U.S. House Republican Leader Kevin McCarthy, R-Calif., talks to Rep.-elect Matt Gaetz, R-Fla., in the House Chamber during the fourth day of elections for Speaker of the House at the U.S. Capitol on Jan. 06, 2023.

House Speaker Kevin McCarthy, R-Calif., faced significant opposition from the far-right faction of his caucus ahead of the vote. It was initially scheduled last week but was postponed after McCarthy sent lawmakers home for the weekend when he couldn't wrangle enough votes to move forward with the legislation.
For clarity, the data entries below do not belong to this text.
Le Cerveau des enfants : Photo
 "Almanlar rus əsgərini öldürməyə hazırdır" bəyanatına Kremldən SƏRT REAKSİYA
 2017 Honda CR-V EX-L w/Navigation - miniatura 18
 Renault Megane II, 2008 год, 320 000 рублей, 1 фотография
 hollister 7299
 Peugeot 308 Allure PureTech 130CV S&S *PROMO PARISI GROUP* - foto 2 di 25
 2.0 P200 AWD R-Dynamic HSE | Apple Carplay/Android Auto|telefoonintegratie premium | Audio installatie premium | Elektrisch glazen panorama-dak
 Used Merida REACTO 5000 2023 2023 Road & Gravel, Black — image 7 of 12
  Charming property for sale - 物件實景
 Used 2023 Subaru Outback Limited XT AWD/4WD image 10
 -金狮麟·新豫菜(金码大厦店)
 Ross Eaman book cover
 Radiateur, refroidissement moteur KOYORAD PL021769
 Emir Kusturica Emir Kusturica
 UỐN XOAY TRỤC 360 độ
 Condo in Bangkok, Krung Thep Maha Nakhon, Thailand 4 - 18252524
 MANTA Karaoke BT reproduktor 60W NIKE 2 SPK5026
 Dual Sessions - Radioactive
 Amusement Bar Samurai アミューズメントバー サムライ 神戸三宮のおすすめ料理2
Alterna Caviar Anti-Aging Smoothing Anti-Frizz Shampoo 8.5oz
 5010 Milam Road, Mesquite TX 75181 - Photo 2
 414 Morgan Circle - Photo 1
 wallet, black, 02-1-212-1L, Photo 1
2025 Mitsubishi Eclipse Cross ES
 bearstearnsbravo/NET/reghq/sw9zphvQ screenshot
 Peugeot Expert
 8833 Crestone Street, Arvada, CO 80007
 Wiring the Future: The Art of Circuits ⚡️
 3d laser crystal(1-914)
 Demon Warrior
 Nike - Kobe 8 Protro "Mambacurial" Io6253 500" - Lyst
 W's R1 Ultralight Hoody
The opposition started when right-wing Republicans tanked a procedural vote on the gas stoves bill in protest of McCarthy's debt ceiling deal with Biden, saying the spending cuts McCarthy brokered didn't go far enough.

Nearly a dozen conservative lawmakers, most belonging to the pro-Trump House Freedom Caucus, joined with Democrats to block the advancement of the bills. It was the first time in 20 years a rule vote failed in the House.

The dissenters who protested McCarthy, mainly members of the Freedom Caucus, halted House business last week, preventing days of routine votes from being held in the lower chamber.

Investigations:Is the government coming for your gas stove? Here's how the controversy first got cooking

What happens next?

The bill heads to the Senate, where it's unlikely the upper chamber will take up the legislation.